Of the many interesting monologues and dialogues that took place last Thursday on Channel 2 in the pre-election debate between the leaders of eight of the lists contesting the election was the appeal of the head of the Joint List, Ayman Odeh (who stood up bravely and elegantly against Yisrael Beytenu chairman Avigdor Liberman’s poisonous, racist attack against Israeli Arabs in general, and himself in particular), to Deri.
Odeh expressed his total support for Shas’s “transparent citizens” campaign. “I represent the most transparent population in Israel,” he added, indicating that there is much room for cooperation between Shas and the Joint List at this level.
But are these really the only options for radical leftwing Mizrahim? Professor Yossi Yona offers a third option: the Labor Party. Since Yona, one of the founders of the Keshet Hamizrahit, is placed only in the 23rd slot on the Zionist Union list (marginal, though not unrealistic according to recent polls), it is not clear how many radical left-wing Mizrahim will be convinced to vote for the Zionist Union.
The Zionist Union has several impressive Mizrahi social activists on its list, including MKs Itzik Shmuli and Amir Peretz, and the new arrival Ravital Swaid. However, most of the radical left-wing Mizrahim are suspicious of the attitude of hard-core Laborites to the Mizrahim, pointing out that Amir Peretz wasn’t really given a fair chance after being elected chairman of the party in 2006.
I would make two comments to this observation.The first is that since Ehud Barak’s victory in 1999 Labor has been fast to oust leaders who have failed to win elections, Ashkenazi and Mizrahi alike. The second is that by taking the Defense Ministry rather than an economic or social ministry in Olmert’s 2006 government, Peretz showed poor judgment, and lost much of his credibility within the party.
And what about Meretz? Ideologically Meretz seems to be the most obvious option for radical left-wingers. Its great “sin” is that it is almost exclusively Ashkenazi. If the number of radical Mizrahi left-wingers was greater, they could try to take over Meretz using similar tactics to those used by Moshe Feiglin in the Likud, though in the final reckoning Feiglin failed because he was regarded as a Trojan horse, and most of his supporters in the Likud didn’t actually vote for the Likud.
Finally, there is the Kahlon option. Koolanu Party chairman Moshe Kahlon is undoubtedly a proud Mizrahi, concerned almost exclusively with the problem of socio-economic inequalities in Israeli society.

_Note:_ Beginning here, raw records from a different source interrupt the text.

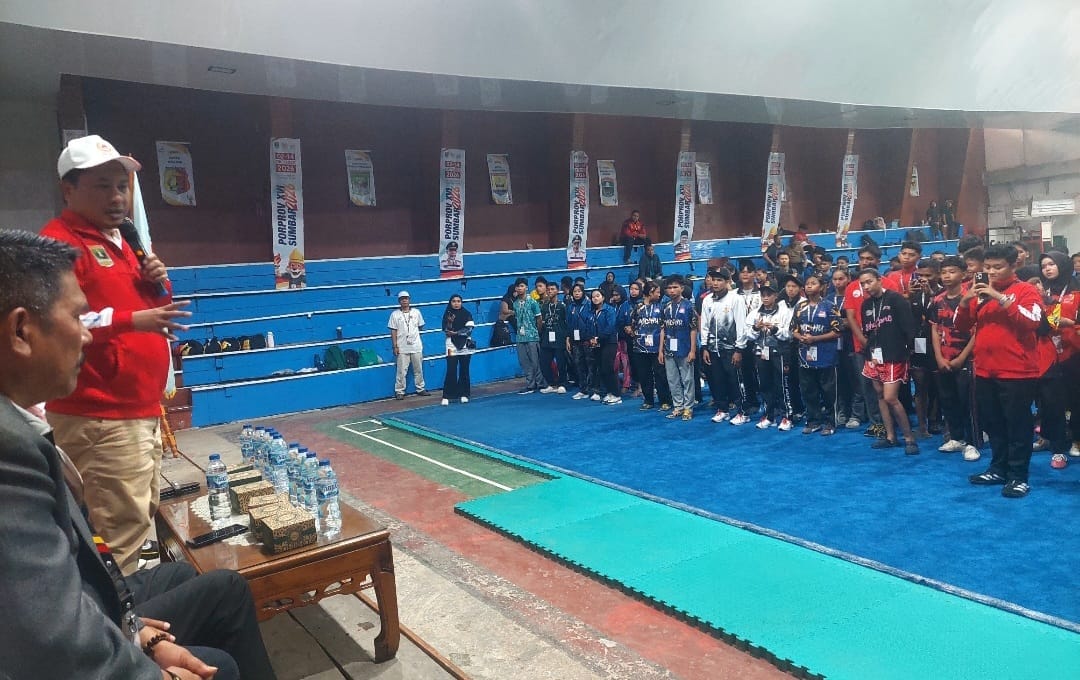 198 Atlet Wushu Tarung di Bukittinggi, KONI Sumbar: Bonus Menanti Peraih Medali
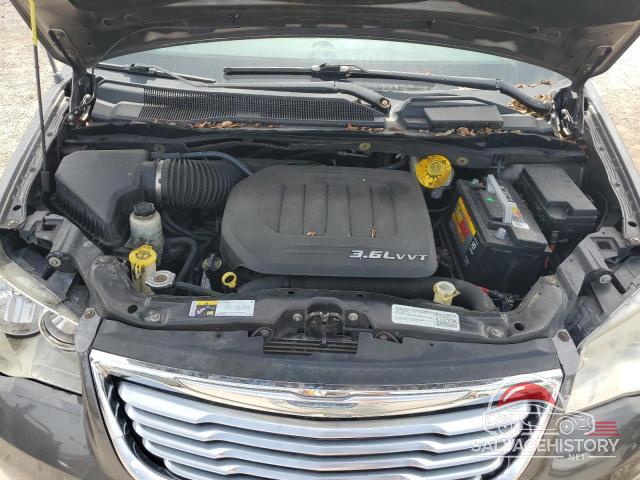 2C4RC1BG8FR609432 2015 CHRYSLER MINIVAN photo no. 12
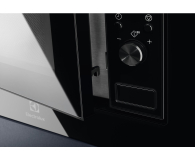 Kuchenka mikrofalowa Electrolux LMS2203EMX 700W Pojemność 20L Czarny+Inox - 1011631 - zdjęcie 3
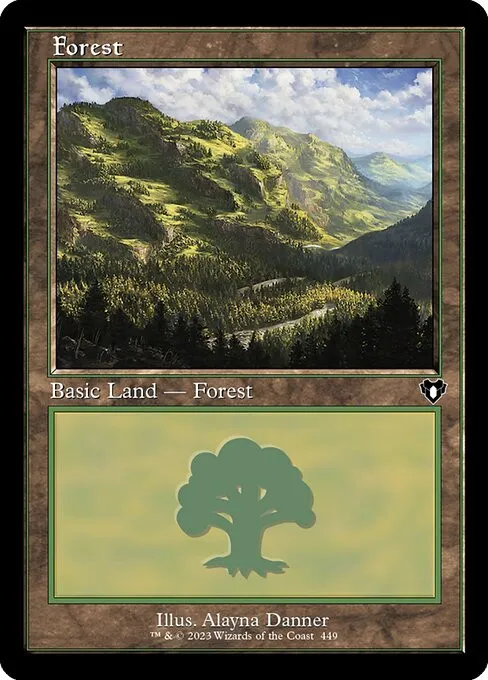 Forest - Foil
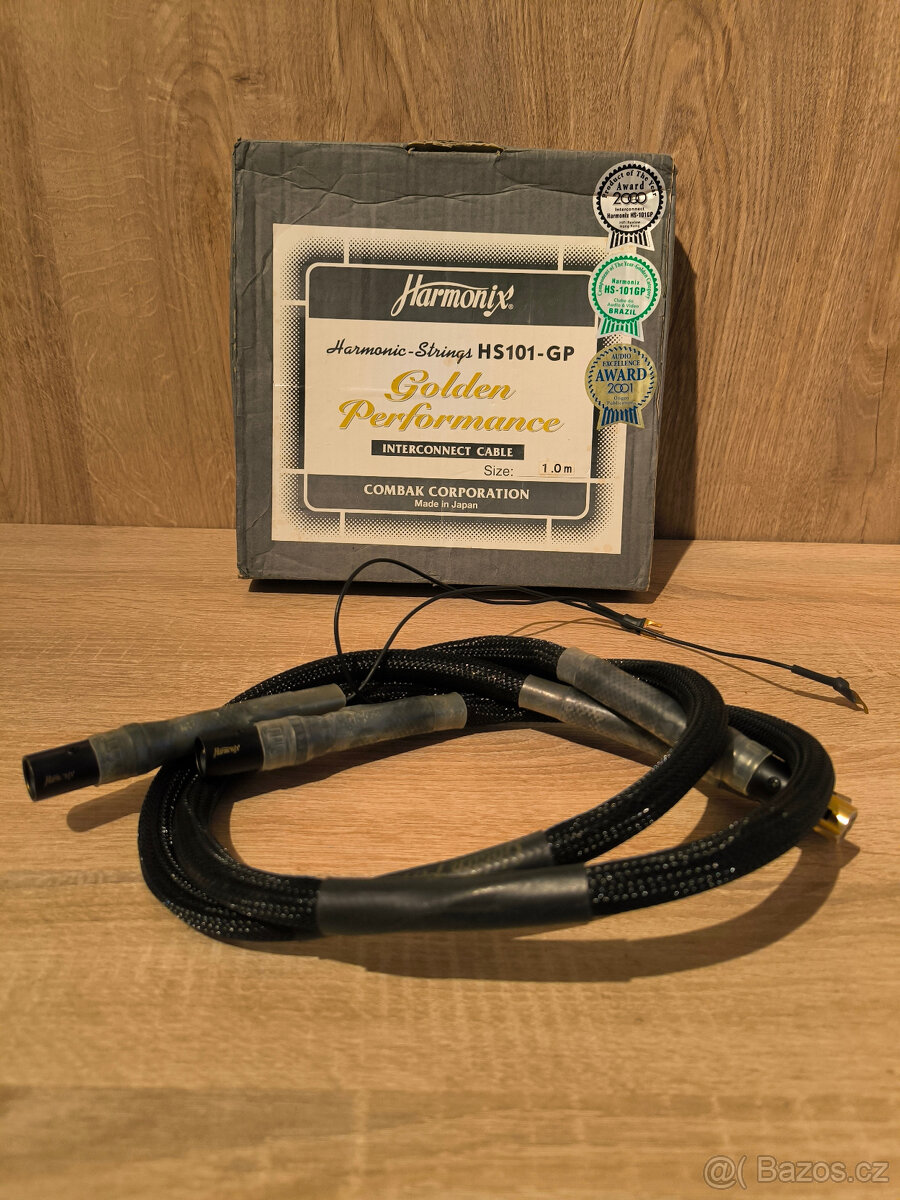 HARMONIX HS 101-GP 1m XLR - 3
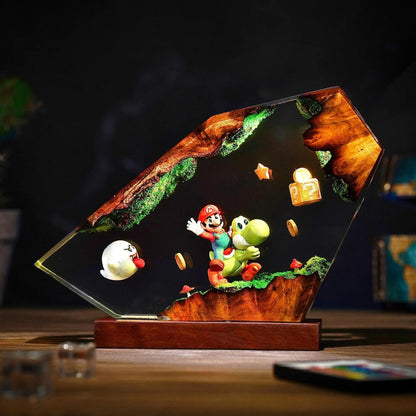Super Mario Galaxy Lamp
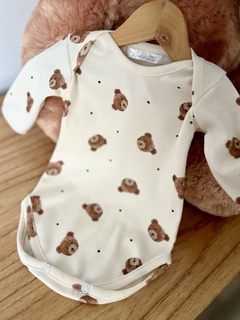 Body algodón pima | Baby bear - comprar online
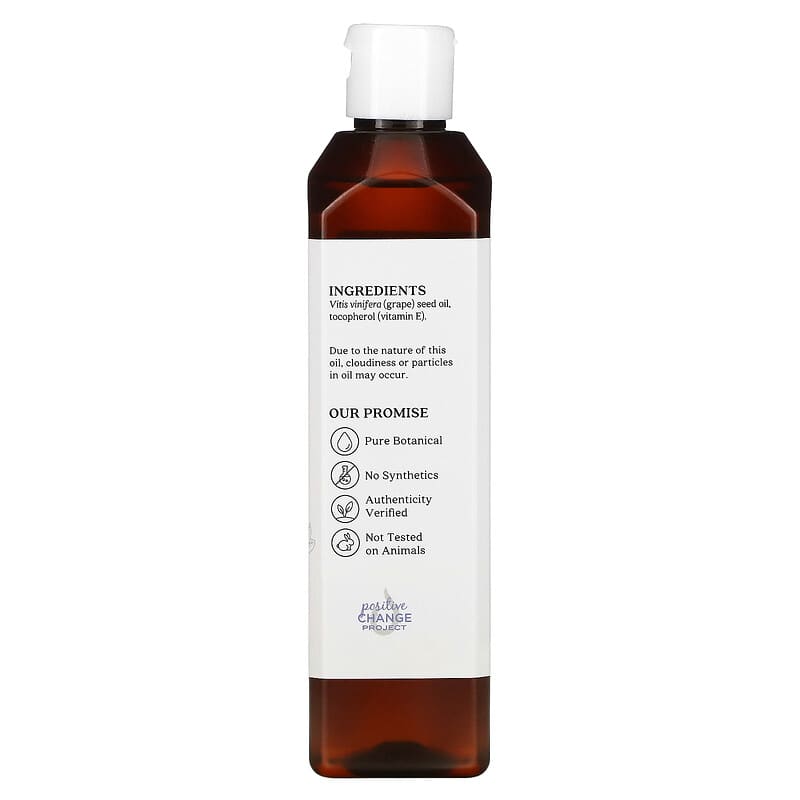 Aura Cacia, Skin Care Oil,  Grapeseed, 16 fl oz (473 ml)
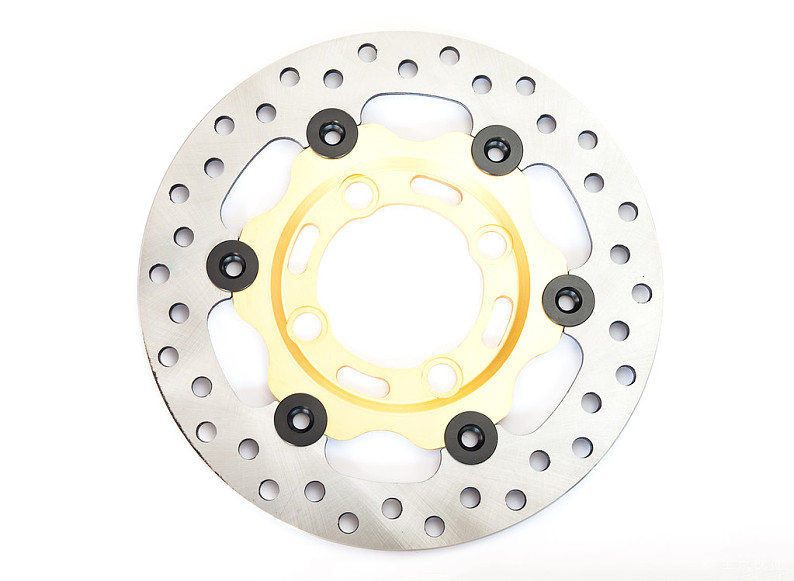Motorcycle Brake Disc Side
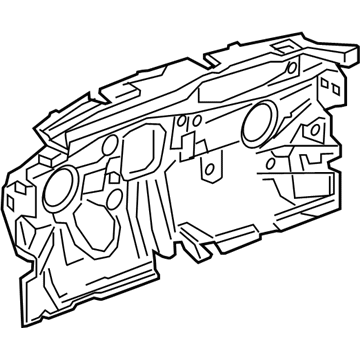 Cadillac 84268370 Barrier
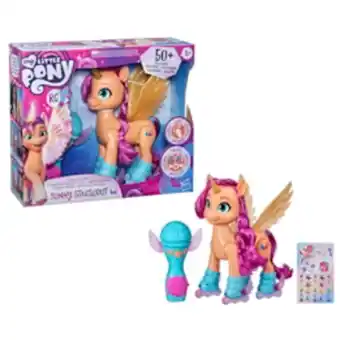 Lekia My little pony, sing n skate sunny erbjuda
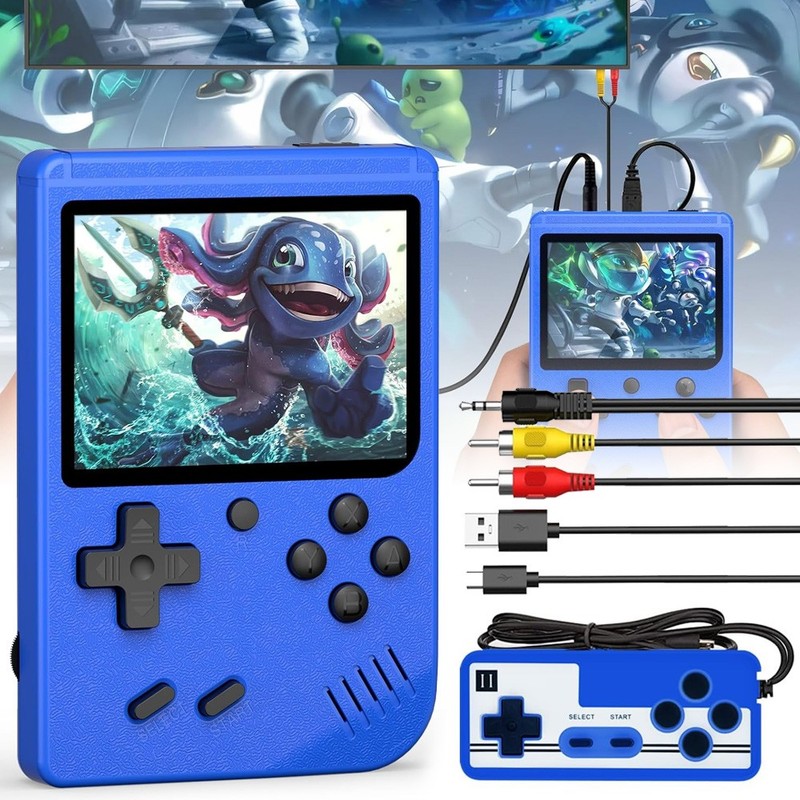 Built-in 500 Handheld Retro Video Game Console Gameboy Classic Games Player UK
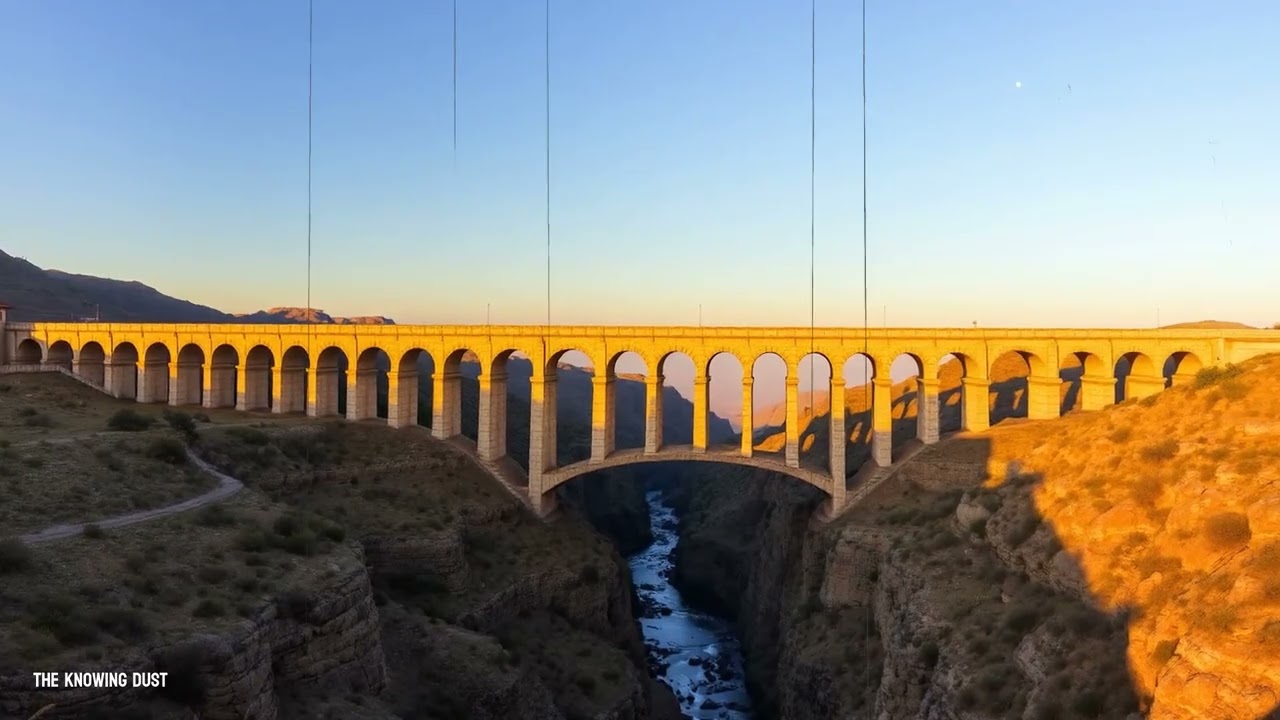 Inside the Gravity Maze That Kept Vast Ancient Cities Alive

However, among radical left-wing Mizrahim he is tainted due to his Likud origins, his avoidance of the alleged issue of anti-Mizrahi discrimination, and the fact that numbers two and three on the Koolanu list are Maj.-Gen. (res.) Yoav Galant and former ambassador to the US Michael Oren – both prominent Ashkenazi figures.
In the final reckoning the radical left-wing Mizrahim are a small group, while the majority of Mizrahim are inclined to be religious or traditional, and supporters of the Right. Most tend to hold middle class values and aspirations, are not concerned with revolting against the Ashkenazim, and even those not on the Right do not feel that the radical left-wingers speak for them, or express their feelings.
Nevertheless, if members of the radical group in future take their strategic thinking regarding the current elections in the direction of practical, everyday political activism, they might actually leave a mark on Israeli society and the country’s political scene.
The writer is a retired Knesset employee.